In many cases, an AST is a simplification of the full parse tree, corresponding to the above.
Simple example, for an expression grammar, using a yacc-like parser generator:
expr: term { $$ = $1; /* see below */ }
| expr '+' term { $$ = new_sum_node($1, $3); }
term: factor { $$ = $1; /* see below */ }
| term '*' factor { $$ = new_product_node($1, $3); }
factor: '(' expr ')' { $$ = $2; /* See below */ }
| ID { $$ = new_variable_node($1); }
| NUMBER { $$ = new_literal_node($1); }
The AST is built as the semantic value of the non-terminals. The functions new_*_node
are expected to return a newly-allocated node of the indicated type. (Here we assume that there is some mechanism to deduce from a pointer what type of node it is. For example, it would be possible to use subtyping and virtual functions.)

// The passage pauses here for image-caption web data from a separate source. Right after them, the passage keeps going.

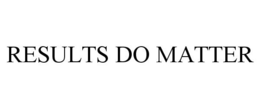 RESULTS DO MATTER trademark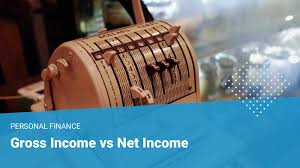 gross income vs net income what it is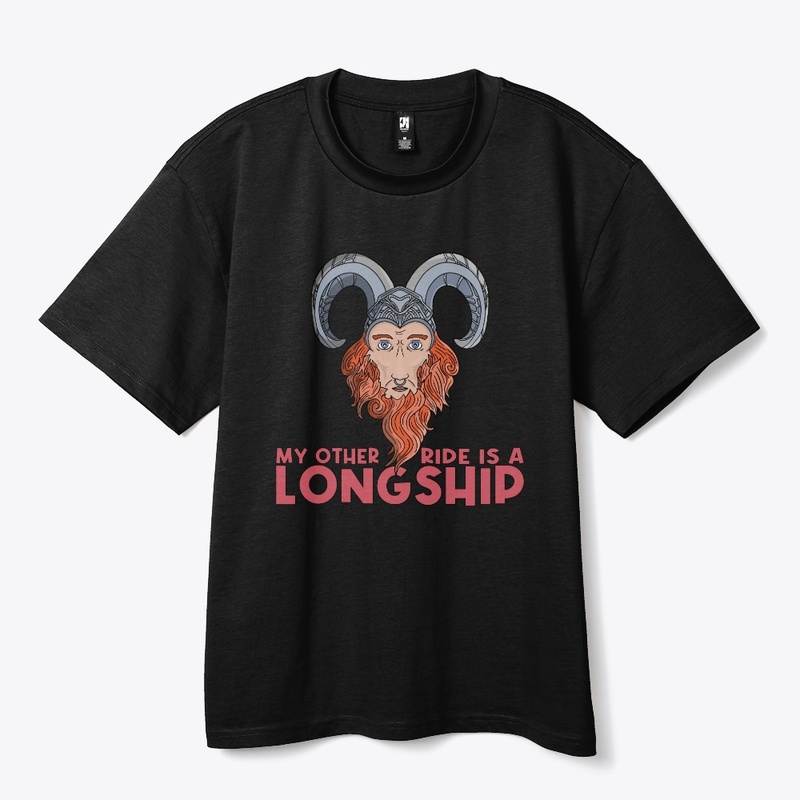 My Other Ride Is a Longship Viking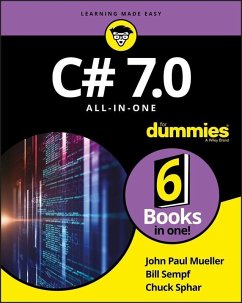 C# 7.0 All-in-One For Dummies (eBook, PDF) - Mueller, John Paul; Sempf, Bill; Sphar, Chuck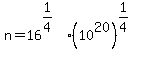 n+=16%5E%281%2F4%29%2A%2810%5E20%29%5E%281%2F4%29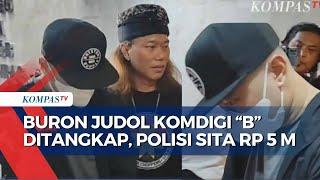 Satu Buron Judol Komdigi Ditangkap, Polisi Sita Uang Rp 5 M Setoran Bandar Judi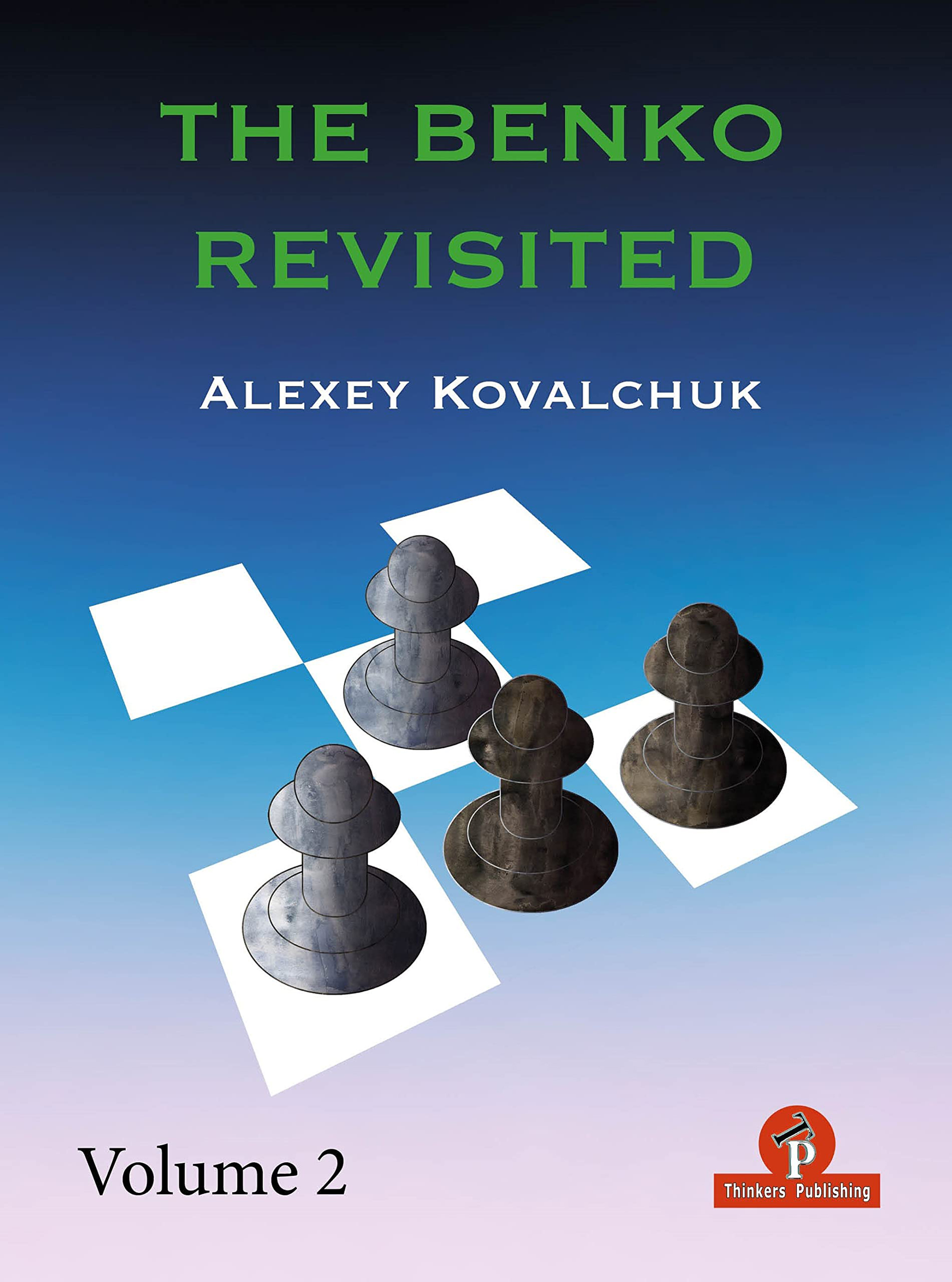 The Benko Revisited Vol. 2. 9789464201475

In Yacc (and similar parser generators), every symbol (terminal or non-terminal) has an associated "value", and every production has an associated action which executes when the production is reduced. The action for a production can assign the "value" of the non-terminal being reduced. The action can make use of the "values" of the components of the right-hand-side, since each one is either a terminal (whose value was set by the scanner) or a non-terminal which has already been reduced. In effect, this is an S-attributed grammar.

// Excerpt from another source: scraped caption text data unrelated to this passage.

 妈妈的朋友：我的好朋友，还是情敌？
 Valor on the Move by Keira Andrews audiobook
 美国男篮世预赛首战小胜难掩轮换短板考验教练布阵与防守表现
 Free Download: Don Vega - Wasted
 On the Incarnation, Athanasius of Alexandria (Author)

Some of the above reductions do not appear at all in the AST. In particular, the unit reductions (expr:term
and term:factor
) simply pass through the AST for the right-hand side. Similarly, the parenthesis reduction term:'(' expr ')'
simply passes through the AST for the expr
, with the result that the parentheses effectively vanish from the AST. (That's not correct in all languages; in some languages, apparently-redundant parentheses actually affect the semantics and you'd need to create an AST node to record the fact.)
In Yacc, $$ = $1
is the default reduction action if no action is specified, and since most unit reductions are eliminated from the AST, they will normally be shown without reduction actions. I made them explicit for didactic purposes; in practice, you shouldn't do that.